*How to complete this task:* Under this line is a listing; return exactly the lines starting at the one with "This image released" and running down to the one with "Fipley PVC-bevonatú acélszálas", and leave out its pictures.

*Information supplied:*
+ + + + +
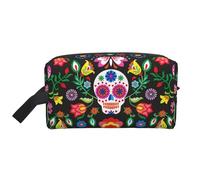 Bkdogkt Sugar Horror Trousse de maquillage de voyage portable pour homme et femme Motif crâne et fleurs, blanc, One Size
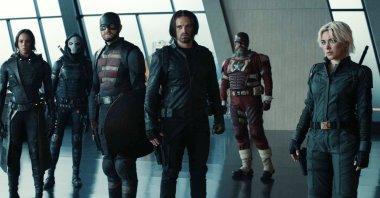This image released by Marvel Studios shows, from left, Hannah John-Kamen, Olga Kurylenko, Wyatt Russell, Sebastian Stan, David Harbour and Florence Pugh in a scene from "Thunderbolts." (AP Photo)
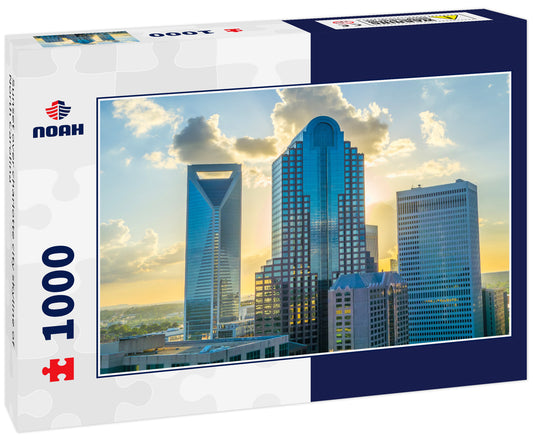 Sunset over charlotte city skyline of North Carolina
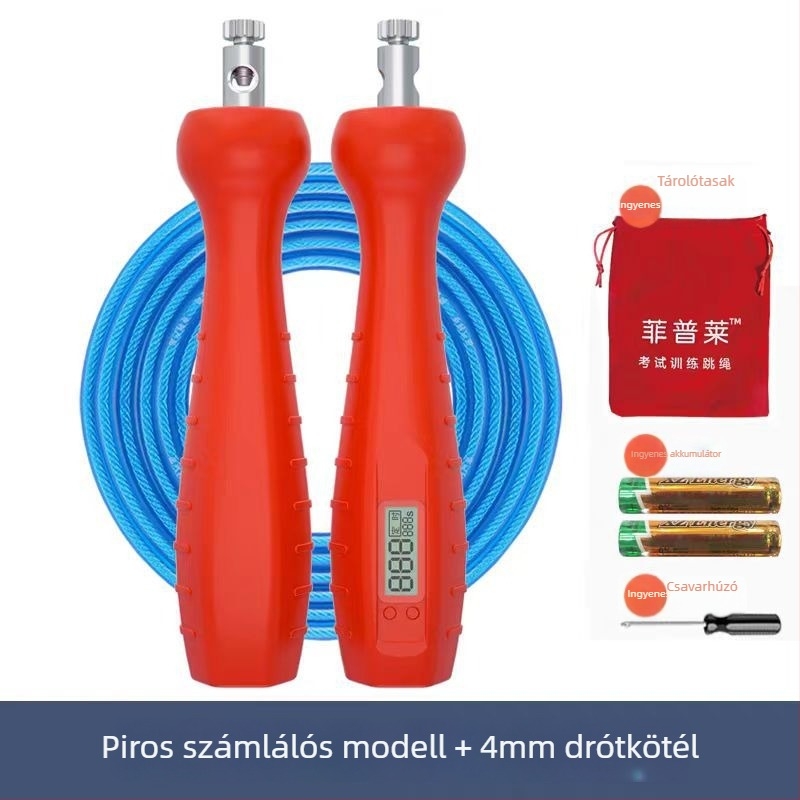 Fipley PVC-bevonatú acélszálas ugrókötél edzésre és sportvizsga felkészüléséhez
+ + + + +
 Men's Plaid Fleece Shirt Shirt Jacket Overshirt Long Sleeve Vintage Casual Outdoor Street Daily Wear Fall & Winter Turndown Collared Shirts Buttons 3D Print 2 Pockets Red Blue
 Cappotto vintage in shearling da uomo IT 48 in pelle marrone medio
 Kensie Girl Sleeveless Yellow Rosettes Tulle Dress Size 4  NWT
+ + + + +
*Task solution:*
This image released by Marvel Studios shows, from left, Hannah John-Kamen, Olga Kurylenko, Wyatt Russell, Sebastian Stan, David Harbour and Florence Pugh in a scene from "Thunderbolts." (AP Photo)
 Sunset over charlotte city skyline of North Carolina
 Fipley PVC-bevonatú acélszálas ugrókötél edzésre és sportvizsga felkészüléséhez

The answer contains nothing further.